Michael: Wow, Jennifer did a good job picking out my outfit for tonight. I must say she’s probably the only one I know who doesn’t mind me double buttoning a suit. Well I only button it when I wear a tie alongside it. Anyways, how much longer does she need? We’re kinda up against the clock. (Game of Love playing) Jennifer: TA DA! Michael: WOW! I mean wow! Jennifer: What do you think? Michael: Oh my, all of those flowers and the sunglasses. Man, you look so beautiful! Jennifer: Thank you so much! And you look so handsome in that suit! I find that you’re being a professional at a high level! Michael: Thanks, check out my socks.
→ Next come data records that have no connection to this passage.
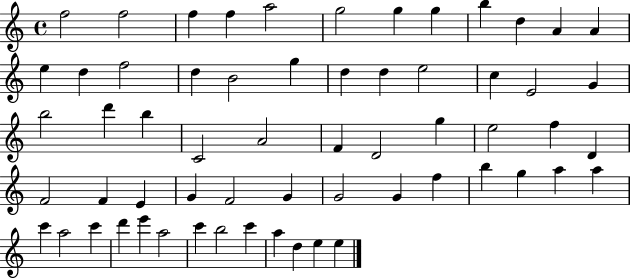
F5/h F5/h F5/q F5/q A5/h G5/h G5/q G5/q B5/q D5/q A4/q A4/q E5/q D5/q F5/h D5/q B4/h G5/q D5/q D5/q E5/h C5/q E4/h G4/q B5/h D6/q B5/q C4/h A4/h F4/q D4/h G5/q E5/h F5/q D4/q F4/h F4/q E4/q G4/q F4/h G4/q G4/h G4/q F5/q B5/q G5/q A5/q A5/q C6/q A5/h C6/q D6/q E6/q A5/h C6/q B5/h C6/q A5/q D5/q E5/q E5/q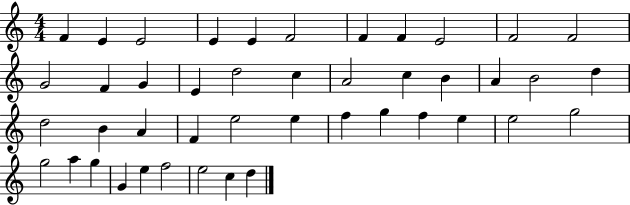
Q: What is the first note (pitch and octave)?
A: F4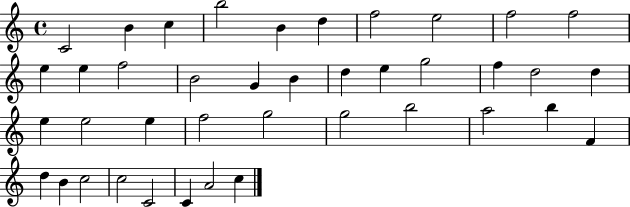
X:1
T:Untitled
M:4/4
L:1/4
K:C
C2 B c b2 B d f2 e2 f2 f2 e e f2 B2 G B d e g2 f d2 d e e2 e f2 g2 g2 b2 a2 b F d B c2 c2 C2 C A2 c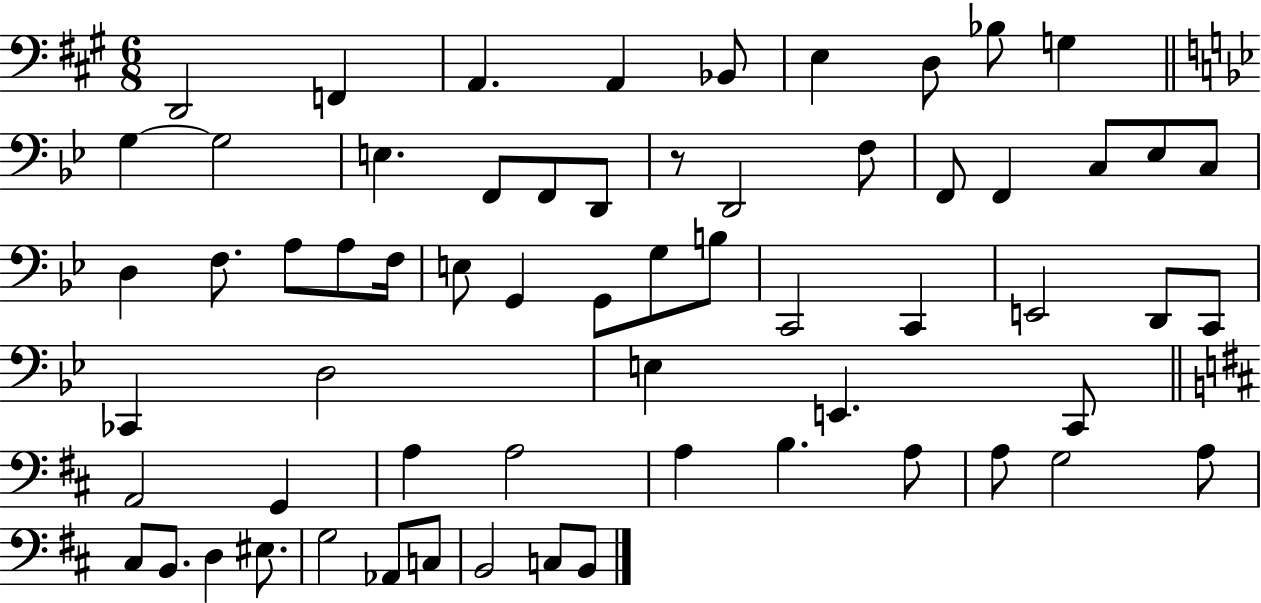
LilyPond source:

{
  \clef bass
  \numericTimeSignature
  \time 6/8
  \key a \major
  d,2 f,4 | a,4. a,4 bes,8 | e4 d8 bes8 g4 | \bar "||" \break \key bes \major g4~~ g2 | e4. f,8 f,8 d,8 | r8 d,2 f8 | f,8 f,4 c8 ees8 c8 | \break d4 f8. a8 a8 f16 | e8 g,4 g,8 g8 b8 | c,2 c,4 | e,2 d,8 c,8 | \break ces,4 d2 | e4 e,4. c,8 | \bar "||" \break \key d \major a,2 g,4 | a4 a2 | a4 b4. a8 | a8 g2 a8 | \break cis8 b,8. d4 eis8. | g2 aes,8 c8 | b,2 c8 b,8 | \bar "|."
}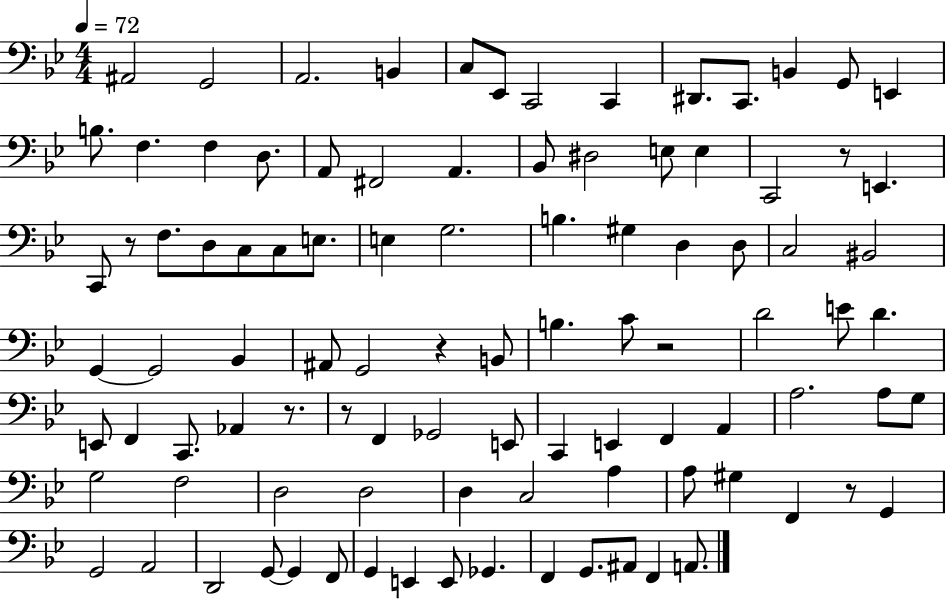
A#2/h G2/h A2/h. B2/q C3/e Eb2/e C2/h C2/q D#2/e. C2/e. B2/q G2/e E2/q B3/e. F3/q. F3/q D3/e. A2/e F#2/h A2/q. Bb2/e D#3/h E3/e E3/q C2/h R/e E2/q. C2/e R/e F3/e. D3/e C3/e C3/e E3/e. E3/q G3/h. B3/q. G#3/q D3/q D3/e C3/h BIS2/h G2/q G2/h Bb2/q A#2/e G2/h R/q B2/e B3/q. C4/e R/h D4/h E4/e D4/q. E2/e F2/q C2/e. Ab2/q R/e. R/e F2/q Gb2/h E2/e C2/q E2/q F2/q A2/q A3/h. A3/e G3/e G3/h F3/h D3/h D3/h D3/q C3/h A3/q A3/e G#3/q F2/q R/e G2/q G2/h A2/h D2/h G2/e G2/q F2/e G2/q E2/q E2/e Gb2/q. F2/q G2/e. A#2/e F2/q A2/e.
Jennifer: OH YES! Ravens socks, to go along with the purple tie. You look dressed for the occasion. Michael: Yes I am, and so are you. Jennifer: Yes, plus I don’t need a jacket tonight. Michael: That’s what I’m talking about! Even if it’s 50 degrees, it won’t stop you from rocking a summer dress. Jennifer: No doubt. Now take my hand. Michael: Uh, ok. Whatever you say. (ZOOM! ZOOM!) Jennifer: Hehehe. Michael: I knew you wanted me to twirl you, only for you to come back around and then put your arms around me. Jennifer: Yes baby! C’mere my handsome prince charming. Put your lips on mine and I’ll put mine on yours. Michael: Alright then, it’s our night so let’s start this off the right way. Both: MWWWA! MWWWWWA! MWWWWWWWWWWWWWWWWA!

(Reckless Shepherd Brewery)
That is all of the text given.